Substitute $\frac{1}{{\left(U_0+b{x}_A\right)}^{\frac{1}{b}}}$ for $C_1$ in Equation (XI).

  $\begin{array}{l}t=\ln \left(\frac{1}{{\left(U_0+b{x}_A\right)}^{\frac{1}{b}}}{\left(U_0+bx\right)}^{\frac{1}{b}}\right)\\ t=\frac{1}{b}\ln \left(\frac{U_0+bx}{U_0+b{x}_A}\right)\\ bt=\ln \left(\frac{U_0+bx}{U_0+b{x}_A}\right)\\ e^{bt}=\left(\frac{U_0+bx}{U_0+b{x}_A}\right)\end{array}$

  $\begin{array}{l}{e}^{bt}\left(U_0+b{x}_A\right)=\left(U_0+bx\right)\\ x=\frac{1}{b}\left[\left(U_0+b{x}_A\right)e^{bt}-U_0\right]\\ x_{A^{\prime }}=\frac{1}{b}\left[\left(U_0+b{x}_A\right)e^{bt}-U_0\right]\\ x_{B^{\prime }}=\frac{1}{b}\left[\left(U_0+b{x}_B\right)e^{bt}-U_0\right]\end{array}$

Substitute $x_{B^{\prime }}-x_{A^{\prime }}$ for $\zeta +\Delta \zeta$ and $x_B-x_A$ for $\zeta$ in Equation (VII).

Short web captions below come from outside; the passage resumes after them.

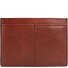 Story Uomo Kreditkartenetui Leder 13 cm Variante marrone Story Uomo Kreditkartenetui Leder 13 cm Variante marrone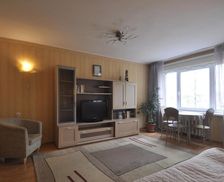 Estonia Ida-Virumaa Narva vacation rental compare prices direct by owner 15956425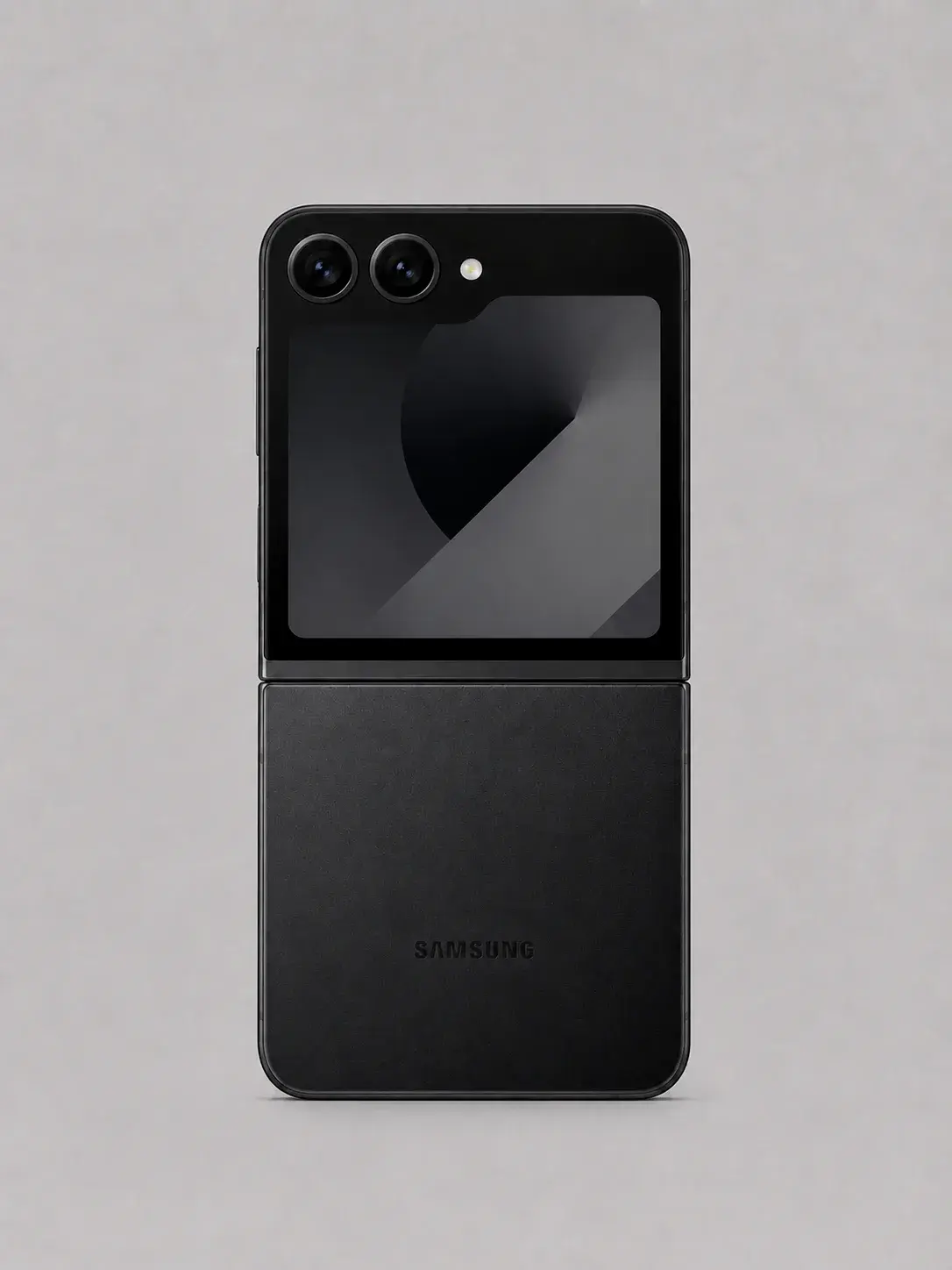 Galaxy Z Flip 7 — фото 4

  $\Delta \zeta =\left(x_{B^{\prime }}-x_{A^{\prime }}\right)-\left(x_B-x_A\right)$   ...... (XII)

Substitute $\frac{1}{b}\left[\left(U_0+b{x}_B\right)e^{bt}-U_0\right]$ for $x_{B^{\prime }}$ and $\frac{1}{b}\left[\left(U_0+b{x}_A\right)e^{bt}-U_0\right]$ for $x_{A^{\prime }}$ in Equation (XII).

  $\begin{array}{c}\Delta \zeta =\left(\frac{1}{b}\left[\left(U_0+b{x}_B\right)e^{bt}-U_0\right]-\frac{1}{b}\left[\left(U_0+b{x}_A\right)e^{bt}-U_0\right]\right)-\left(x_B-x_A\right)\\ =\left(\frac{1}{b}\left[\left(U_0+b{x}_B\right)e^{bt}-U_0-\left(U_0+b{x}_A\right)e^{bt}+U_0\right]\right)-\left(x_B-x_A\right)\\ =\left(x_B-x_A\right)e^{bt}-\left(x_B-x_A\right)\\ =\left(x_B-x_A\right)\left(e^{bt}-1\right)\end{array}$

Substitute $\left(x_B-x_A\right)\left(e^{bt}-1\right)$ for $\Delta \zeta$ and $x_B-x_A$ for $\zeta$ in Equation (VIII).

  $\begin{array}{c}{\epsilon }_{xx}=\frac{d}{dt}\left(\frac{\left(x_B-x_A\right)\left(e^{bt}-1\right)}{\left(x_B-x_A\right)}\right)\\ {\epsilon }_{xx}=\frac{d}{dt}\left(e^{bt}-1\right)\end{array}$   ...... (XIII)

Substitute $1+bt$ for $e^{bt}$ in Equation (XIII).

  $\begin{array}{c}{\epsilon }_{xx}=\frac{d}{dt}\left(1+bt-1\right)\\ =\frac{d}{dt}\left(bt\right)\\ =b\end{array}$

Conclusion:

The expression for strain rate in x direction is ${\epsilon }_{xx}=b$.